In field after field, manufacturers have been shifting their suppliers onto secure digital networks. The reasoning is elemental: Globally linked market spaces enable manufacturers to assure competitive pricing, control quality and schedule just-in-time deliveries of necessary components, which in turn helps them customize and deliver higher-margin finished products to their own customers.

In recent months, Ford Motor Co. and General Motors Corp. have teamed with Oracle Corp. and other technology companies to create such supply networks.

As an Ad Age editorial posited two weeks ago, advertising would seem a likely candidate for a restructuring of its value chain--a process called, in the parlance of the New Economy, "reintermediation." This can and probably will happen because advertising, like windshields or circuit boards, is a component in a client company's goods or services.

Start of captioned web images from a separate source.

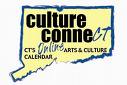 culture - cultural shock culture - cultural shock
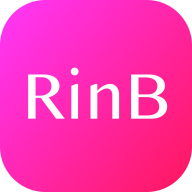 RinB交友App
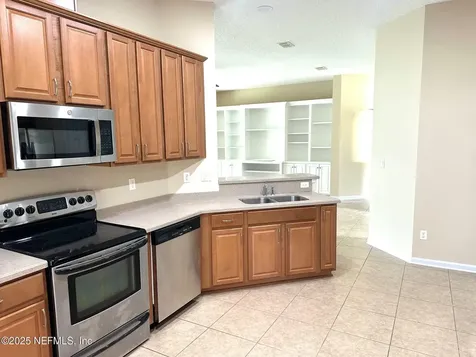 13812 Cyrus Court Jacksonville FL 32224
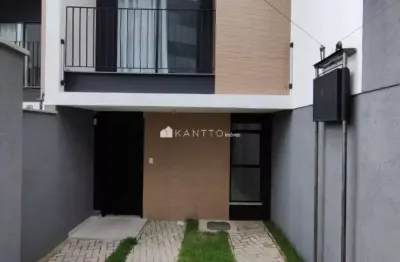 Casa com 3 dormitórios à venda, 104 m² por r$ 430.000,00- são pedro - juiz de fora/mg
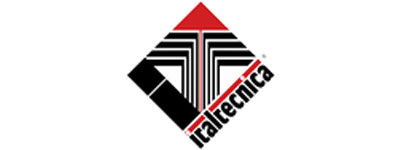Italtecnica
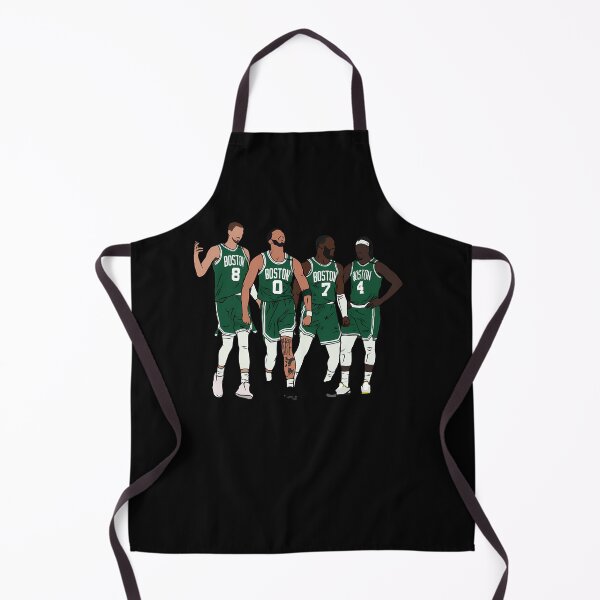 Item preview, KP, Jrue & The Jays  designed and sold by jaforahmed29.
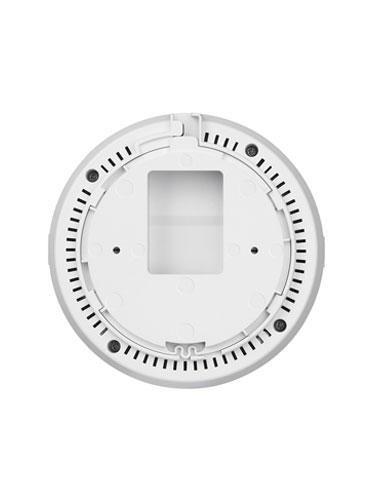 Zyxel NWA-5121-N 1000 Mbit s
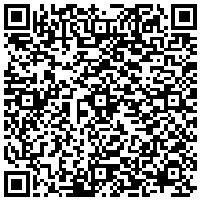 QR Code for bitcoin:bitcoin:bitcoin:bitcoin:bitcoin:bitcoin:bitcoin:bitcoin:bitcoin:bitcoin:bitcoin:bitcoin:bitcoin:bitcoin:litecoin:LPetTSUWoK15w64StYM2pALyfGe2a1v4tk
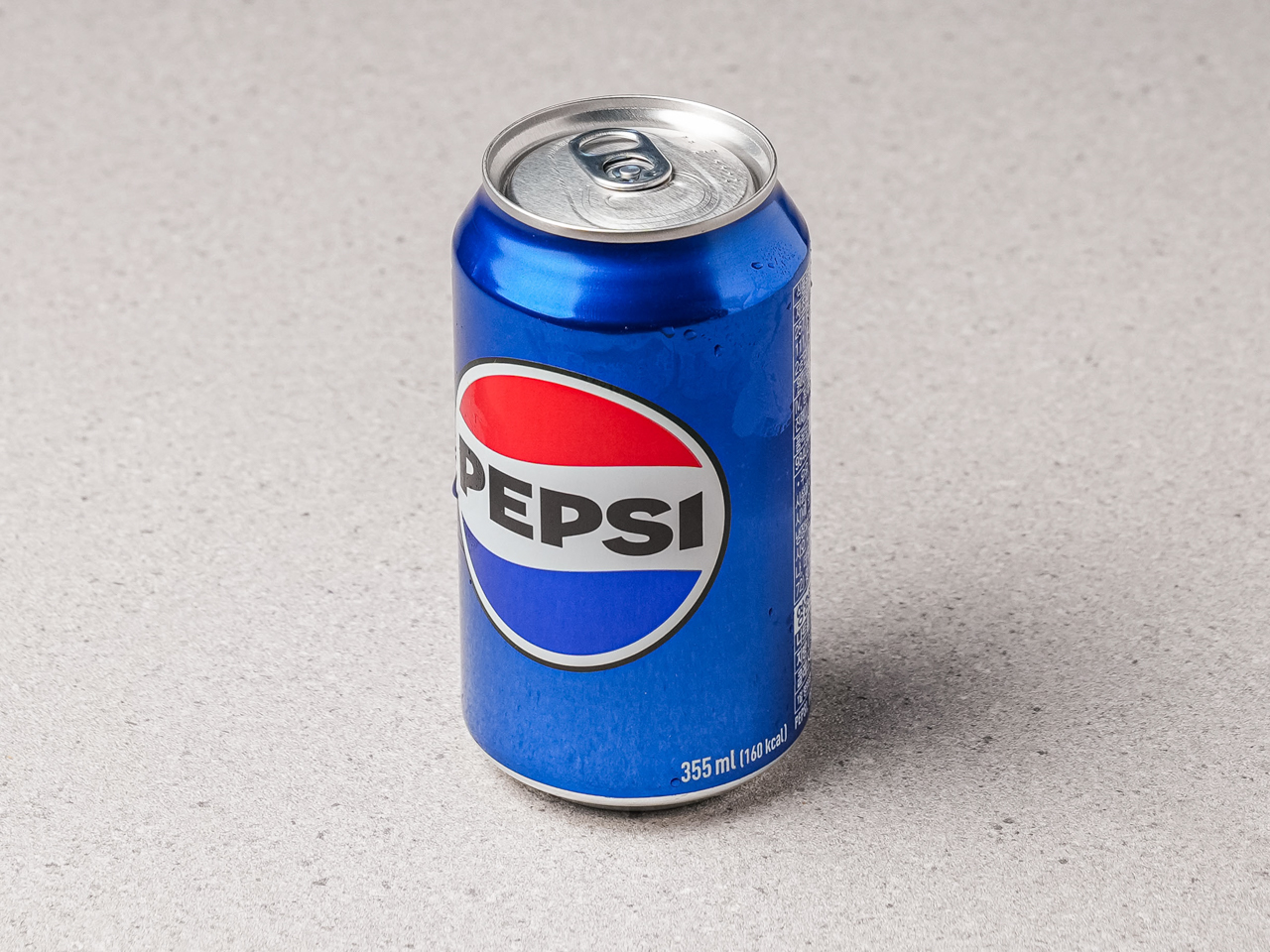 펩시 콜라 355ml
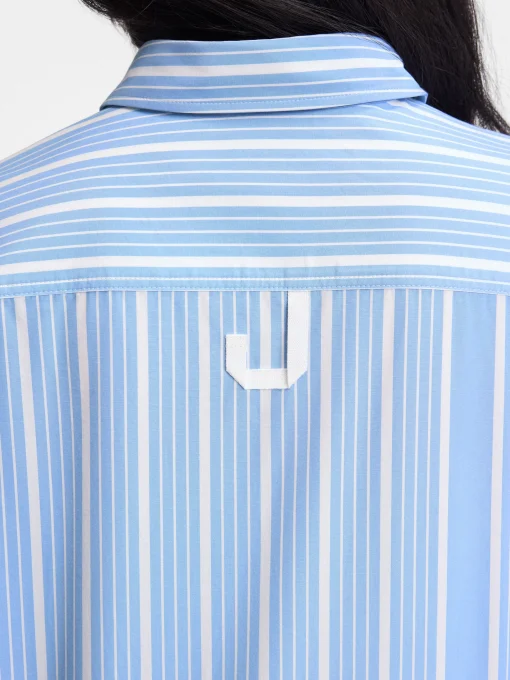 The Simon shirt
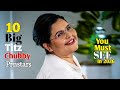 Top 10 Best Big Titz Chubby Prnstars You Must See in 2026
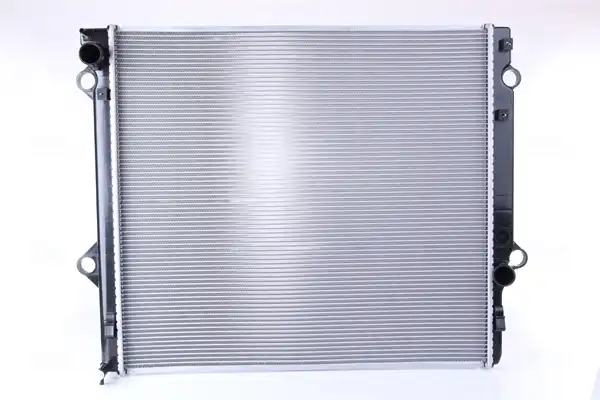 NISSENS 646803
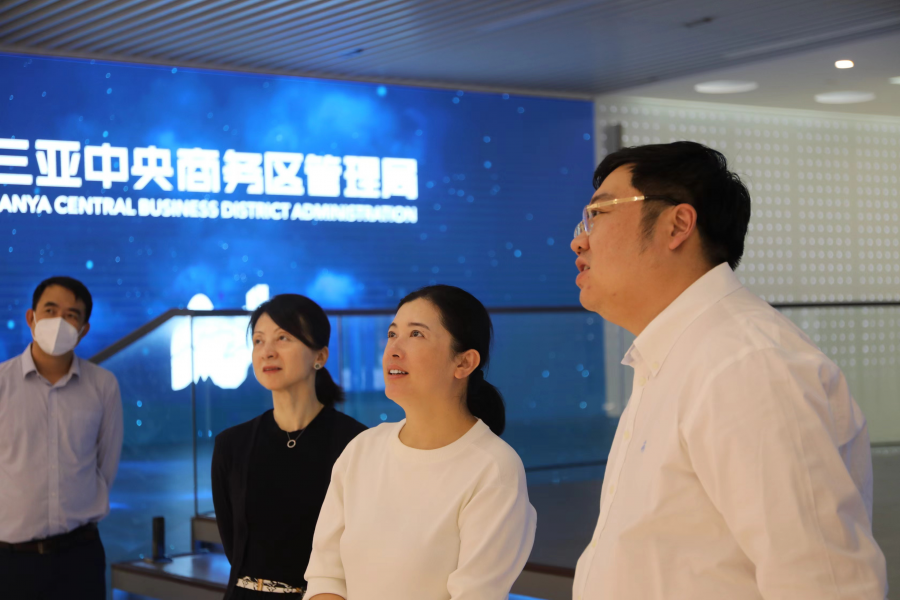 1672821499685535Sd5Z.png IMG_8279.PNG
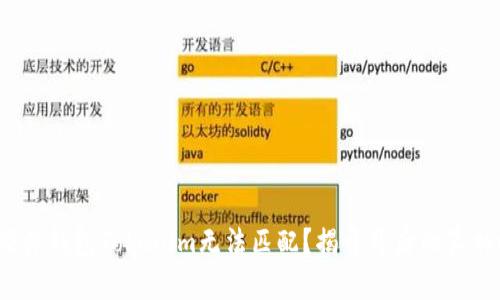 硬件钱包Tokenim无法匹配？揭开背后的真相！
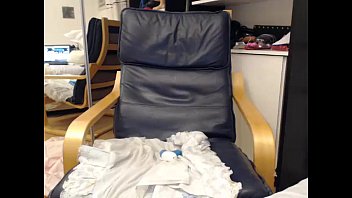 Adik Jalang Siswet19 Mengocok Memek Di Webcam Live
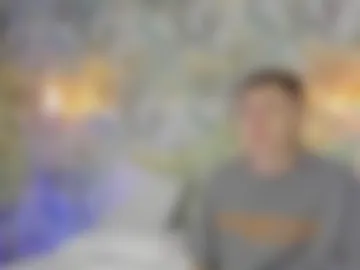 sweetttemptationn photo 3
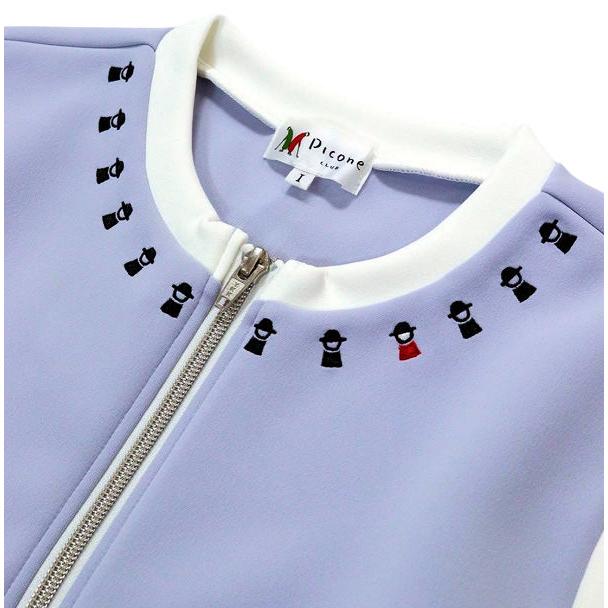 40 PICONE CLUB　ピッコーネクラブ 　ゴルフ　ハーフパンツ【新品】 Picone CLUB（ピッコーネクラブ） 30％OFF セール PICONE CLUB 2025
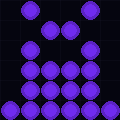 113.176.0.95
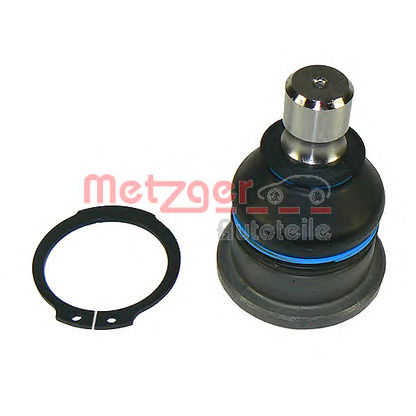Photo Ball Joint METZGER 57010608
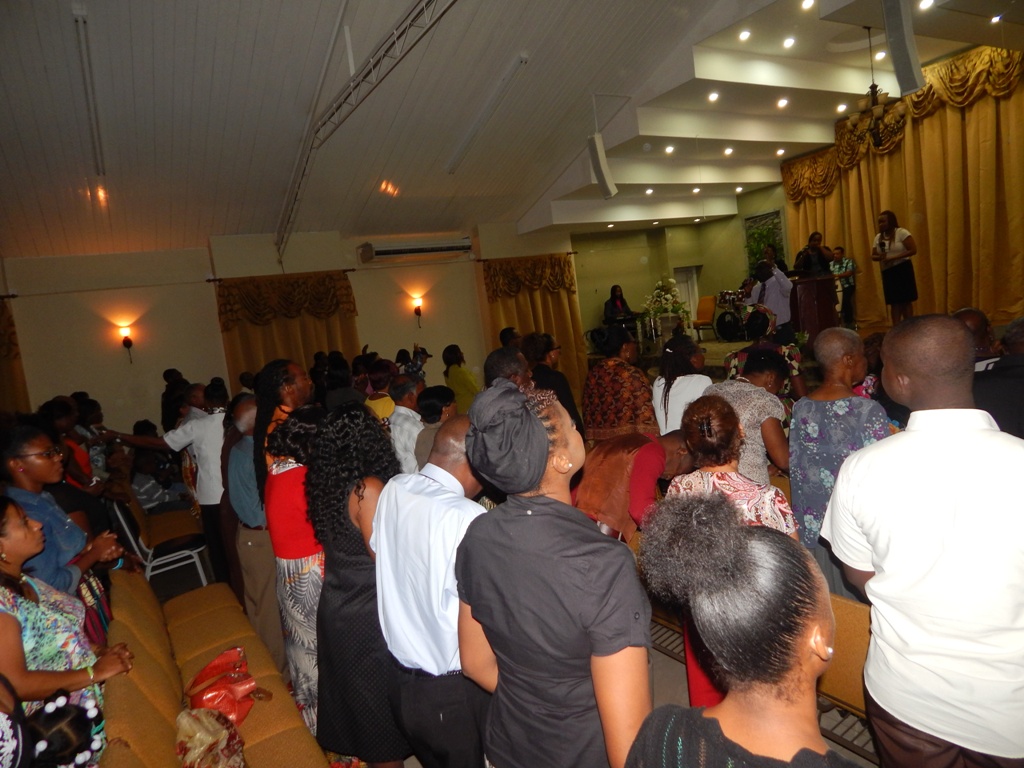 Prayer-Summit-2015-51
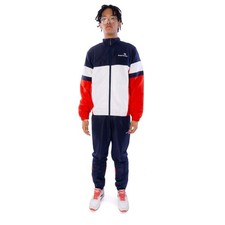 Sergio Tacchini Libera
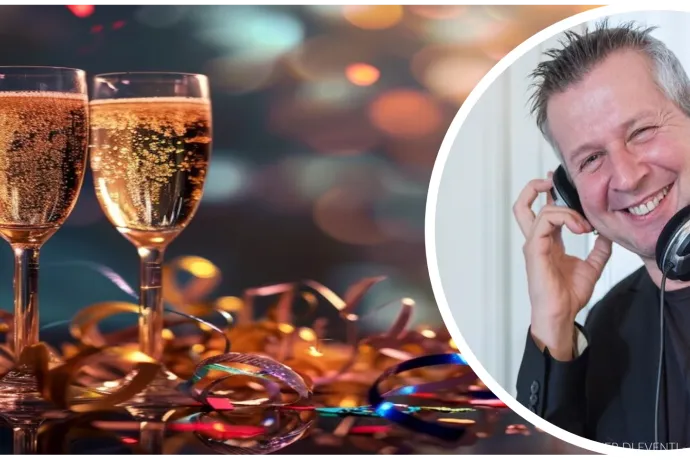 La Punt – Ristorante Müsella: Silvesterdisco (gdl_906017781_image)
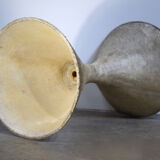 Planter design Anton bee assisté de Willy Guhl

Boiled down to its essence, advertising really consists of nothing but time: the time sentient men, women and children spend paying attention to marketing messages. Thus described, time is a pure commodity. It is finite, disappearing with each passing moment, and its worth to those who might use it varies according to the value added to it by those who mine, broker and shape it.

The "miners" include communications companies, which enter choice lodes of time and gather it into different media, print to out-of-home to electronic, that demographically appeal to marketers.

Because of their increasing command over larger and more varied chunks of time, media companies such as News Corp. and the future AOL Time Warner are not much different than the commodity commandos of a century ago, the robber barons that controlled the oil and rail industries. Today's "time barons" work with international media buying firms and ad agencies to organize, develop and insert messages into the time they control, which is then delivered to the end consumer.

This clear "value chain" seems to have a significant inefficiency built into it, with the sale of this time component currently requiring tens of thousands of people to log hundreds of thousands of miles to sell millions of hours of consumers' attention on behalf of thousands of media venues. Thus analyzed, advertising seems a clear candidate for reintermediation.

Currently, advertising is sold in a marketplace of varying degrees of transparency and efficiency--from network TV's upfront market (which strikes me as relatively open, if frenzied) to the hand-selling of magazine space (which seems opaque and wasteful).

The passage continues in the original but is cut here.